Reviews

Pericles (Globe)

What a strange tour we get at Kathryn Hunter’s production of Pericles at the Globe.


In fact, we really get three productions for the price of one as Hunter gives us a production that mixes Shakespeare with some breathtaking aerial feats and some west African songs.


Hunter considers the play a healing process for Pericles and, as such, Patrice Naiambana‘s Gower is transformed into an African griot in response to Hunter’s view of the narrator as healer as well. This is made easier by having the same actor play Cerimon, the healer who magically brings Thaisa back to life, and so, confusingly, the narrator becomes participant.


What’s more confusing still, are Gower’s asides on world poverty and colonialism; they seem particularly out of place in this play where Pericles is far away from a colonial conqueror as can be imagined.


Even more troublesome for me is having Gower sing of Pericles’ adventures in another language.

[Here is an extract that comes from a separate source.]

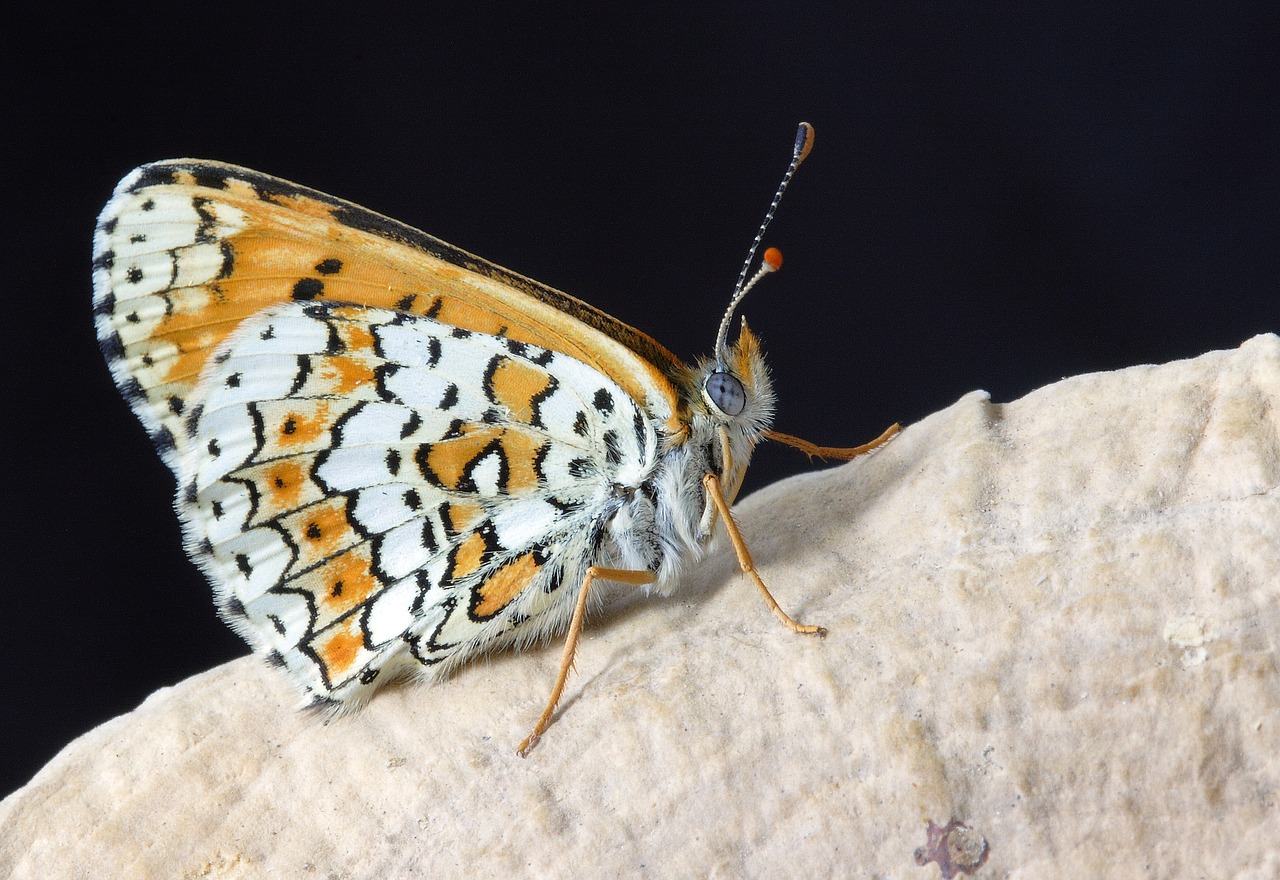 Image - butterfly close mac insect nature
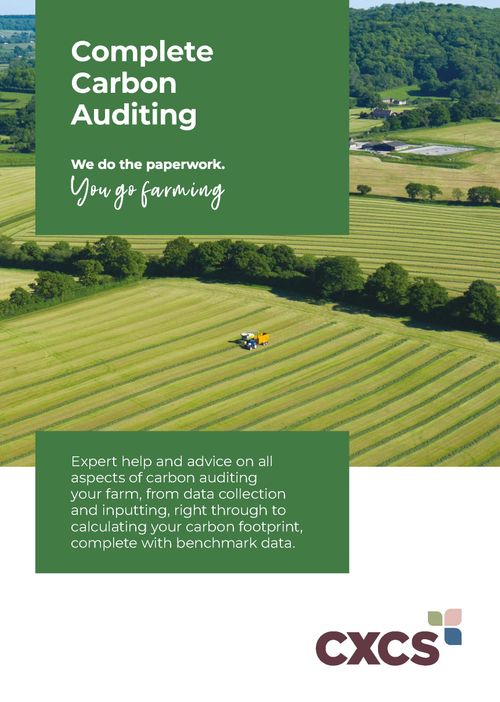 Carbon Auditing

The point of a narrator (and of an African griot) is that he tells a story in the audience’s language; it’s lovely to listen to but adds an unwelcome dimension to the play.


A key theme of Hunter’s production is that Pericles’ troubles are psychological as much as physical – in this respect, it’s similar to the current Globe production of The Tempest. This perspective is confused by having two Pericles, an elder and a younger. What’s not entirely clear, according to Hunter’s vision, is how much the two are part of the same body – is the elder a passive observer or is he involved in the action?


What we get in particular is a very physical reading of the play; there is much use made of aerialists, especially during the storm scene where the shipwreck is brilliantly realised by the performers.


There is some expressive music courtesy of Stephen Warbeck, who seems to have taken us on a Mediterranean tour. Indeed, music and physical theatre are blended well together. I wish I could say the same about the speaking, there are far too many indistinct speeches – the Globe can be a harsh environment and too many actors failed this challenge.


Not so Corin Redgrave, whose Pericles (the elder) seems to have wandered in from a different play. Not only can we hear every word but there’s a real pathos in his performance, his reconciliation with Marina is genuinely touching (although I could have done without the musical accompaniment to the ‘music of the spheres’ speech – once again Hunter seems to have mixed up the physical and the psychological).


This production reminds me of those global fusion restaurants that offer a range of foods from different parts of the world on the grounds that if one likes Indian food and pizzas then one might like Indian pizzas. It’s easy enough to love Shakespeare, African music and high-class gymnastics but in this case, all muddled up in one place, it rather destroys the appetite.